WHAT THIS TASK INVOLVES »
Find every line in the data that contains the word "Stone". Return each of those lines.

INPUT FOR THIS TASK »
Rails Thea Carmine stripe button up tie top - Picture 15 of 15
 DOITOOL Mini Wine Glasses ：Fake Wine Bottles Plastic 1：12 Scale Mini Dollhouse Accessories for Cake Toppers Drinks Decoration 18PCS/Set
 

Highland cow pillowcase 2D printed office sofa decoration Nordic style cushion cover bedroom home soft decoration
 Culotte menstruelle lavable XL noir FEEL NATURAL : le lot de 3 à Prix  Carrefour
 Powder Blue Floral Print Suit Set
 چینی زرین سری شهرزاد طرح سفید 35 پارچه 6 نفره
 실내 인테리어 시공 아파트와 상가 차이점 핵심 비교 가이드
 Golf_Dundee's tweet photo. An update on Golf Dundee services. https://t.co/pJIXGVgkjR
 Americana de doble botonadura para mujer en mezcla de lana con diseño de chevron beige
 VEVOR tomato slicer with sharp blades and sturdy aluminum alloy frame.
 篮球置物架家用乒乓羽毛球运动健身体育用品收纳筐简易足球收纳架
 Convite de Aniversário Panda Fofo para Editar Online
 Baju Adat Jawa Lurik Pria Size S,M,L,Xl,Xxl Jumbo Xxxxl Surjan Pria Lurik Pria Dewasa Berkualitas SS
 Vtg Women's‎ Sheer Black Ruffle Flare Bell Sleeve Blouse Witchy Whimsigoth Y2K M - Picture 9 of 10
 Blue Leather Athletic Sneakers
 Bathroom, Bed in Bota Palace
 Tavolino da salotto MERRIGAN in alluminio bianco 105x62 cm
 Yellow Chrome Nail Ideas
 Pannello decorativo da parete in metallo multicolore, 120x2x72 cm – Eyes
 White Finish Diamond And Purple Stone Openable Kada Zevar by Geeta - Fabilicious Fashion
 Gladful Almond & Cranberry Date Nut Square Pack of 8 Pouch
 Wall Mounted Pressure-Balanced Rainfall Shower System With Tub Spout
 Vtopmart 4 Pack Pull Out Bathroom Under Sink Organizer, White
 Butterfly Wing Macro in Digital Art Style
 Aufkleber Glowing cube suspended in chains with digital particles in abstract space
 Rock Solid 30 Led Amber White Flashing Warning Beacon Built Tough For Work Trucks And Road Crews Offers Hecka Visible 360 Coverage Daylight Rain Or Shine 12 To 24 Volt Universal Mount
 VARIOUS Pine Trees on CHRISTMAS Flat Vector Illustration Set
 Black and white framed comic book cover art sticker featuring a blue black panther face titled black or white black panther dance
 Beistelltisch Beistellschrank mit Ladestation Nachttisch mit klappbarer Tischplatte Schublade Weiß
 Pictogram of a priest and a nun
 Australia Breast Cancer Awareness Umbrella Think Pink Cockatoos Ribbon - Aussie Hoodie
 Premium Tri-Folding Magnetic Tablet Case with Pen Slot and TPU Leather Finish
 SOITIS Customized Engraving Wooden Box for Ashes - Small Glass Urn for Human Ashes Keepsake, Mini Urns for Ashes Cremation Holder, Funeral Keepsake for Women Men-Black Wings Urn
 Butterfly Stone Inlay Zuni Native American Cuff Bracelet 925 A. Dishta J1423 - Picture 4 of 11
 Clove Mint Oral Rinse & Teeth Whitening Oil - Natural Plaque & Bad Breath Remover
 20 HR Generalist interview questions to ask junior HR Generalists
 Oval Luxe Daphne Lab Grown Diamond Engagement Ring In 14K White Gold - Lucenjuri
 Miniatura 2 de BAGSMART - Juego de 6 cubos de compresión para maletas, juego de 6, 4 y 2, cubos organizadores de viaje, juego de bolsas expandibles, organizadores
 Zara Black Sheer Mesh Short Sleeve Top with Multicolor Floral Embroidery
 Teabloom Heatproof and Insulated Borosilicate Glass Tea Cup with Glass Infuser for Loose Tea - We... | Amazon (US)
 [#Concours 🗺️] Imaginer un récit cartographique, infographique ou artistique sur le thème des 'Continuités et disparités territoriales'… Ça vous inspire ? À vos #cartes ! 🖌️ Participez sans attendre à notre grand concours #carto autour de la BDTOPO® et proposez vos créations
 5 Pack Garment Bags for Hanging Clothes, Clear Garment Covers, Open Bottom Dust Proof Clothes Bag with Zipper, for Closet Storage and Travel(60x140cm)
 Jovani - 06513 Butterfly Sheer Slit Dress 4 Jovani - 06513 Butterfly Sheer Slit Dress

SOLUTION TO THIS TASK »
 White Finish Diamond And Purple Stone Openable Kada Zevar by Geeta - Fabilicious Fashion
 Butterfly Stone Inlay Zuni Native American Cuff Bracelet 925 A. Dishta J1423 - Picture 4 of 11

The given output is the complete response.